Investors could be waiting two years to get their money back

A spokesperson for Aegon AM told Portfolio Adviser the firm is continuing to raise liquidity by selling down the existing holdings and expects to get final approval to begin the wind-up process in Q3.  

However investors could face wait times between 12 to 24 months before they get their money back. 

“We hope to inform investors when distributions will be issued in the middle of July and to begin the initial distribution of proceeds in Q3,” the spokesperson said. “We will keep investors regularly updated on our progress.”

Follows hot on the heels of Aviva UK Property closure

Aegon Property Income is the second property fund to close its doors recently. Last month Aviva Investors called time on its UK Property fund, citing similar concerns about shoring up enough liquidity.

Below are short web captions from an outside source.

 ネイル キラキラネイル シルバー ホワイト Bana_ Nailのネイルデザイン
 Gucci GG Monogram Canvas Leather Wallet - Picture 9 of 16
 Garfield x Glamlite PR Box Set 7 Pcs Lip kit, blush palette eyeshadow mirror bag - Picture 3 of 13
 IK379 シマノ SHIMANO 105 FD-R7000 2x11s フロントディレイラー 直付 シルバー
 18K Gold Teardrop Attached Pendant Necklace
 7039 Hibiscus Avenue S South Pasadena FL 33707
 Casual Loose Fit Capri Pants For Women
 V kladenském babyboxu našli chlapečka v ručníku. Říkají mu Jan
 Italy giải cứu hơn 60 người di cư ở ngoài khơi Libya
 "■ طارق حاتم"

Commentators had expressed doubts about both funds being able to re-open due to their small size compared with other rivals in the sector. Both had under £400m in assets, meaning they would have struggled to cope with a potential wave of redemptions upon re-opening.

See also: Investors yank £800m from M&G Property Portfolio within first month of reopening

Given this AJ Bell head of active portfolios Ryan Hughes said Aegon’s decision was “sensible”.

“As ever, in this situation, it’s vital that Aegon communicate quickly and clearly with investors so they understand how the process is happening and most importantly, how long it’s likely to take,” Hughes said.

“The challenge Aegon now has, like Aviva, is that the market knows they are a forced seller and this may make it difficult to sell down the underlying properties at the right price. As we have seen with the Woodford fund closure, getting the balance right between time and price is extremely difficult and sensitive and therefore the clear communication of this is key.”

Silver lining for investors is 32% cash weighting

GDIM investment manager Tom Sparke notes Aegon Property Income had been “one of the better actors in this space” in terms of keeping liquidity high and suspensions to a minimum. It was one of the few authorised property funds to remain open five years ago after the Brexit vote triggered a wave of redemptions across the sector.

While Aegon Property Income was not overly exposed to retail or leisure, the biggest problem sectors in the UK property market, Quilter Cheviot research analyst Oli Creasey notes “it is heavily underweight the high-flying industrial sector” and has significant exposure to regional offices outside London which have been hit hard during the pandemic.  

The fund’s vacancy rate, which was 1.2% two years ago, has skyrocketed to 23%, he said.

 “The silver lining for investors is that the closure accelerates the return of some cash with most of the 32% cash weighting is available to pay out,” he said.  

FCA ‘dithering’ has hurt daily dealing property funds

Recently the economic downturn and national lockdowns triggered by the Covid pandemic has plunged the direct property sector into the throes of a crisis and created huge uncertainty about the future of daily-dealing property funds.

Suspended funds that have re-opened have faced mass redemptions, including the M&G Property Portfolio which saw £800m walk out the door a month after it began trading as investors rushed for the exit. Meanwhile the Financial Conduct Authority has been dragging its feet coming up with a solution to daily dealing property funds’ liquidity mismatch problem.

“The sector is massively under the cosh at the moment,” said Fairview Investing director Ben Yearsley. “The FCA dithering is not helping – in fact it’s their intransigence in my view that has added to the problems of the last 18 months or so.”

Sparke said he decided not to use open-ended property funds years ago over concerns about liquidity. “It seems like many others have followed suit,” he said. “I fear that this will just be the most recent victim of an issue that will affect many others in the future.”